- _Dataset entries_
☆ ☆ ☆ ☆ ☆ ☆ ☆
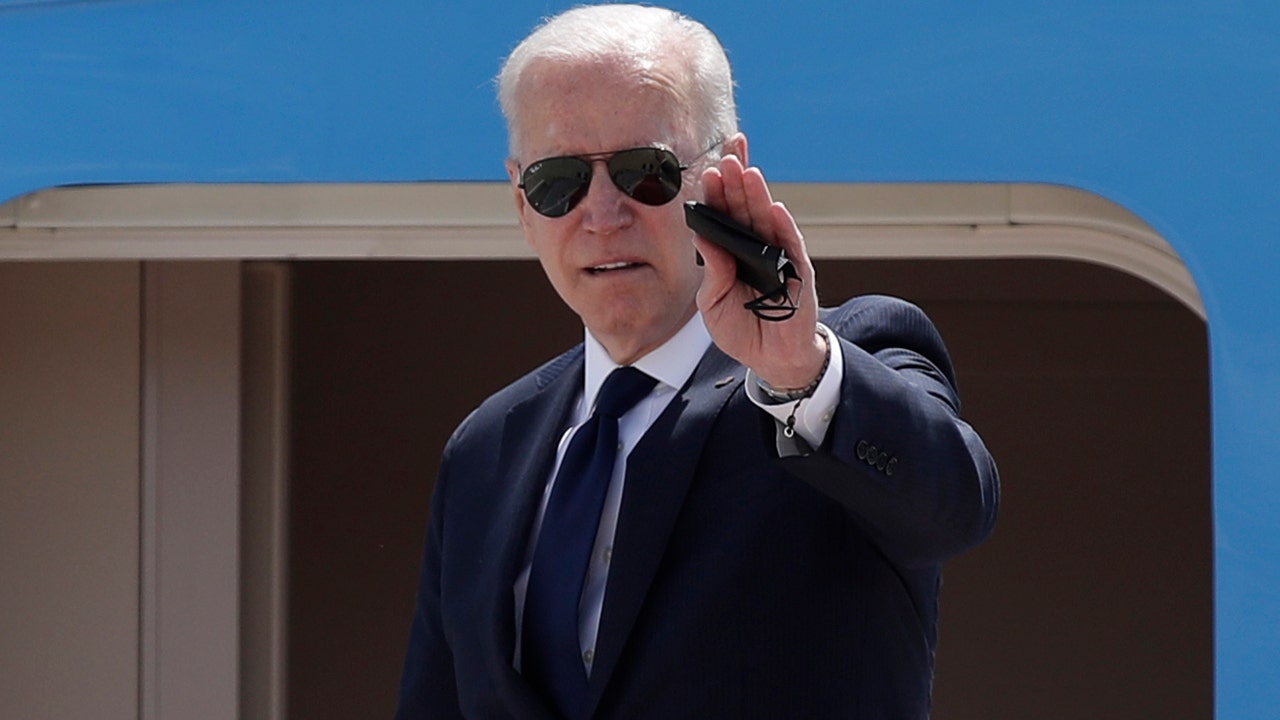 Biely dom tvrdí, že Biden uchováva spomienky na Deň D „pri srdci“ napriek pohŕdaniu pamäťou
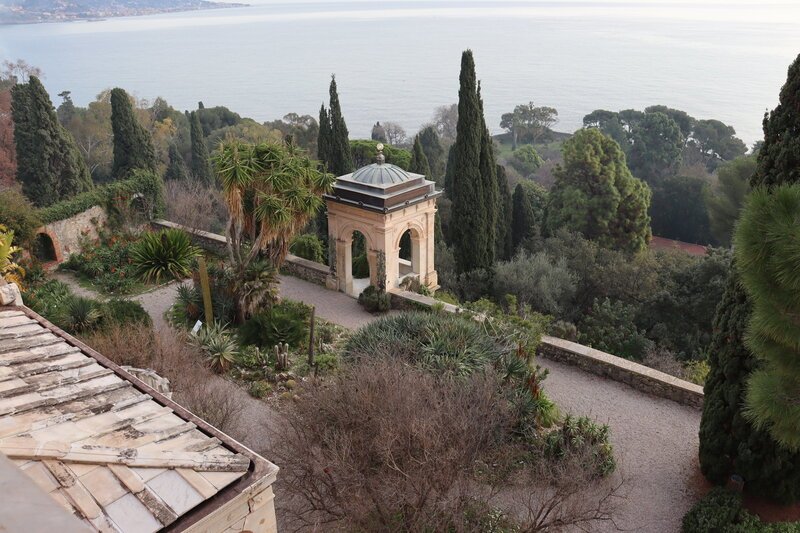 Mythos Ligurien – Ein britisches Märchen Der Botanische Garten Hanbury, Italien SRF/Millstreamfilms/Autentic – Bild: SRF/Millstreamfilms/Autentic Mythos Ligurien – Ein britisches Märchen Der Botanische Garten Hanbury, Italien SRF/Millstreamfilms/Autentic – Bild: SRF/Millstreamfilms/Autentic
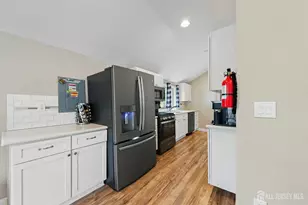 285 Shoreland Cir, Old Bridge Township, NJ 08879 - Photo 7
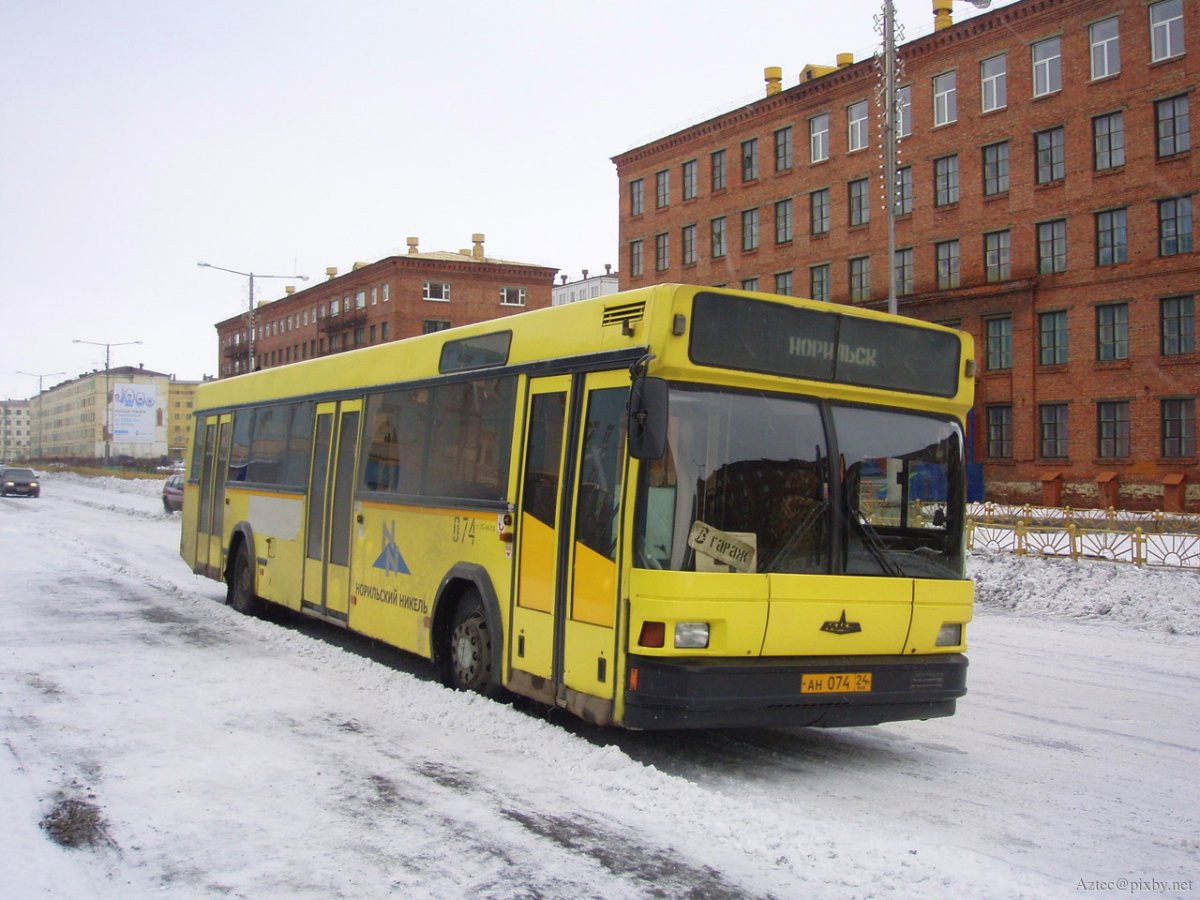 Автобусы норильск. МАЗ-103 автобус Норильск. МАЗ 103 Красноярск 074. Норильск автобус. Автобус 074 Красноярск.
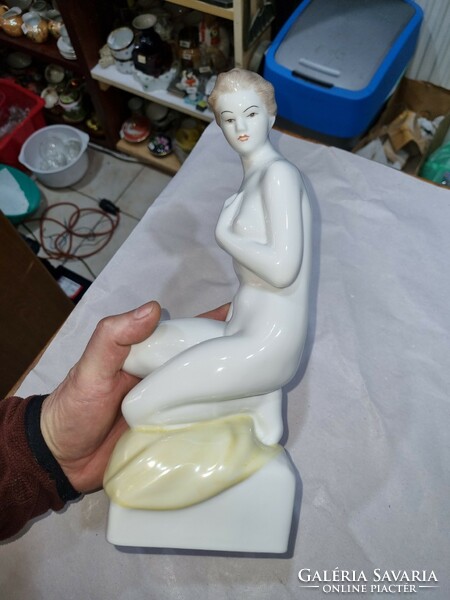 Hollóházi porcelán figura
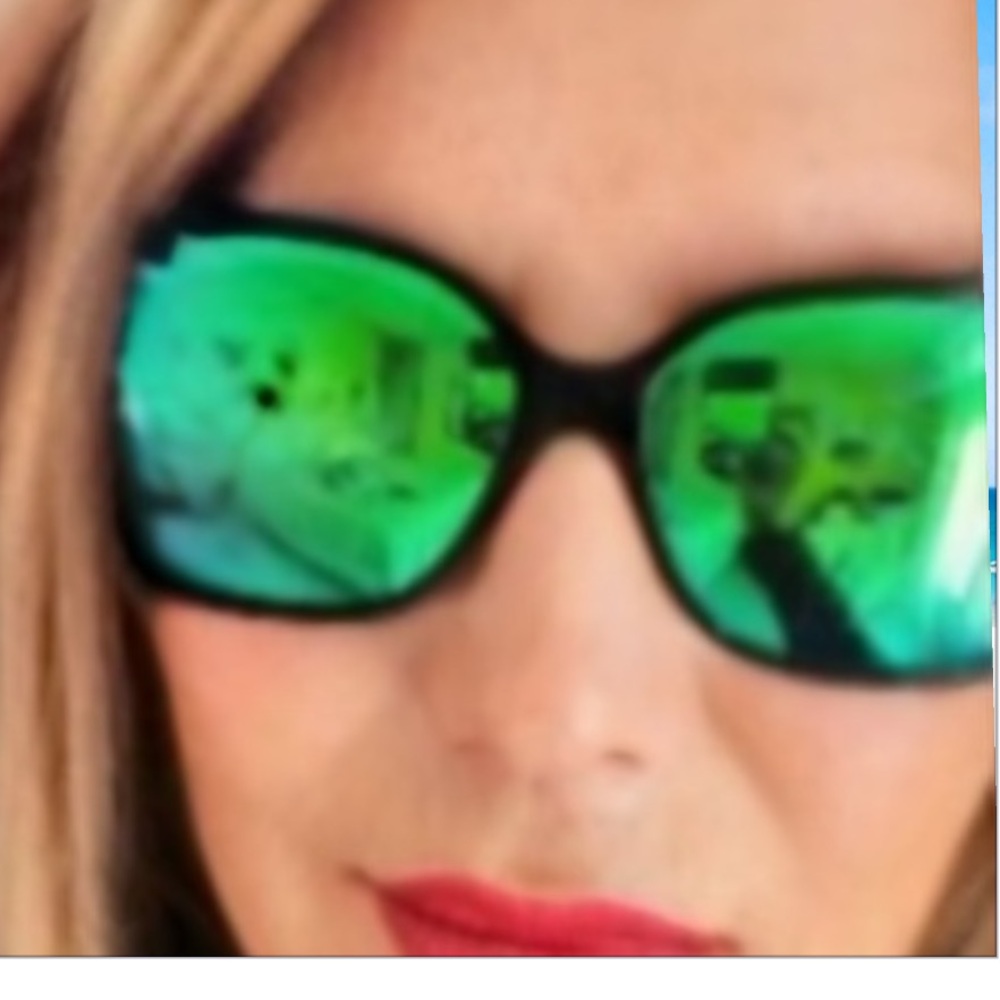Oakley Women's Sunglasses with Green Mirrored Polarized Lenses Overtime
☆ ☆ ☆ ☆ ☆ ☆ ☆
- _Work instruction_
With pictures omitted, restate word for word every line above from the one containing "Bild: SRF/Millstreamfilms/Autentic Mythos" to the end of the entries.

- _Answer to the exercise_
 Mythos Ligurien – Ein britisches Märchen Der Botanische Garten Hanbury, Italien SRF/Millstreamfilms/Autentic – Bild: SRF/Millstreamfilms/Autentic Mythos Ligurien – Ein britisches Märchen Der Botanische Garten Hanbury, Italien SRF/Millstreamfilms/Autentic – Bild: SRF/Millstreamfilms/Autentic
 285 Shoreland Cir, Old Bridge Township, NJ 08879 - Photo 7
 Автобусы норильск. МАЗ-103 автобус Норильск. МАЗ 103 Красноярск 074. Норильск автобус. Автобус 074 Красноярск.
 Hollóházi porcelán figura
Oakley Women's Sunglasses with Green Mirrored Polarized Lenses Overtime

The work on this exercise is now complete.